I really like that - “shifty and dubious”. bwahaha.
Although I rely on, and benefit from, a belief in God, I also agree completely with your criticisms of the religious model as presented. It IS shifty and dubious. I’ve been an atheist several times, for those exact reasons.
I never understood how it could be that God is “universal” if I have to go to some minister or preacher or someone to get access. Why would there be a gatekeeper?
Here are some ideas we were discussing a little while ago for you to consider, GenericAzn. Nothing earthshaking (and it may not have any meaning at all for you) but it’s what I can offer by way of an explanation for my choices.
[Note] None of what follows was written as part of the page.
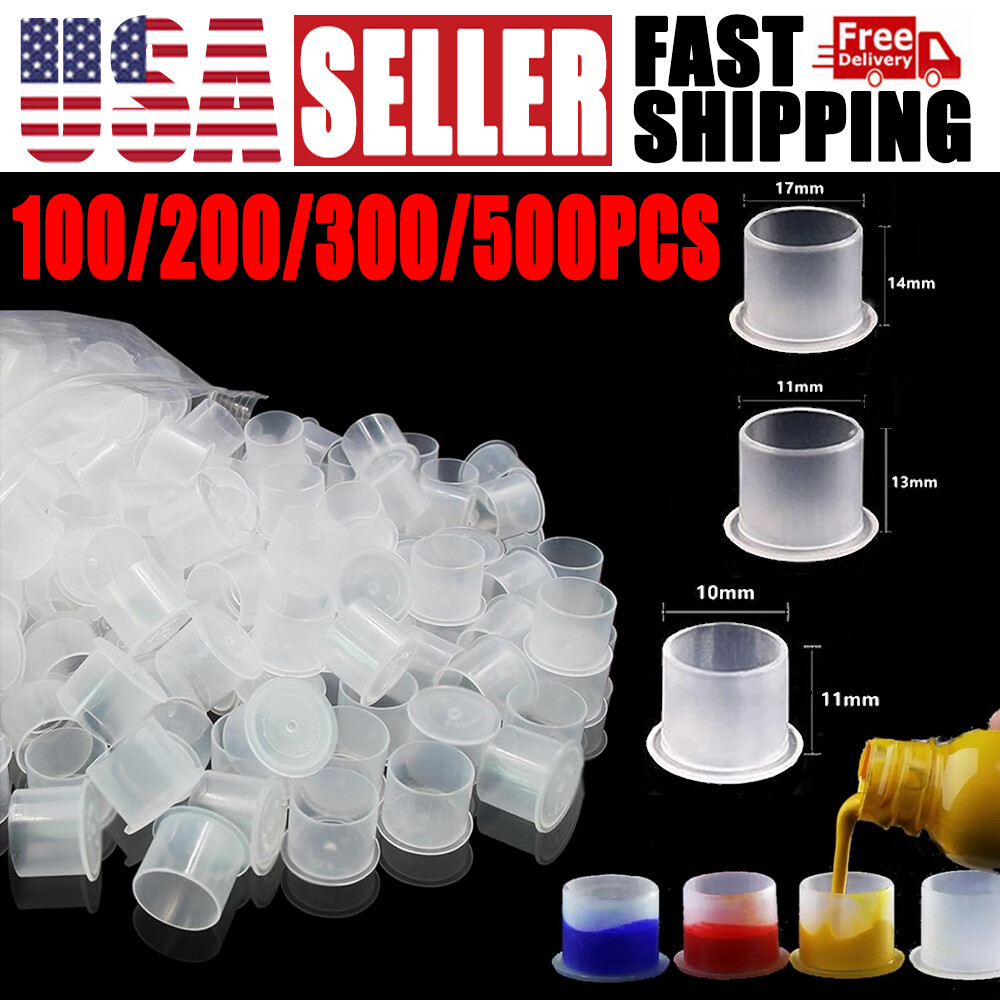 Tattoo Ink Pigment Cups Tattoo Ink Caps Flat Bottom Plastic 100/200/300/500PCS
I think it’s up to each of us to find and create our own version of God, our own slice of the infinite. I don’t think there is “an” answer.
That’s pretty much what the hilarious Stephen Baldwin said on whatever religious show he was babbling on last night- once you become a Christian, things are “revealed” to you that you couldn’t see before.
Of course, the exact same thing is true when you become a Hare Krishna, or a Scientologist, or a Sufi, or a Zen Buddhist, or a Wahabbi Muslim, or a member of just about any religion (excluding Unitarianism). Problem is, these revelations are often mutually exclusive.
I guess for some, nutty is good enough, but for dozens of other physicians it isn’t. They have written books and done research on the subject which has shown consciousness does live after the dead of the body.
No it doesn’t always boil down to you having to do something in order to find God. Some people just get hit by lightening, die, and God is revealed to them.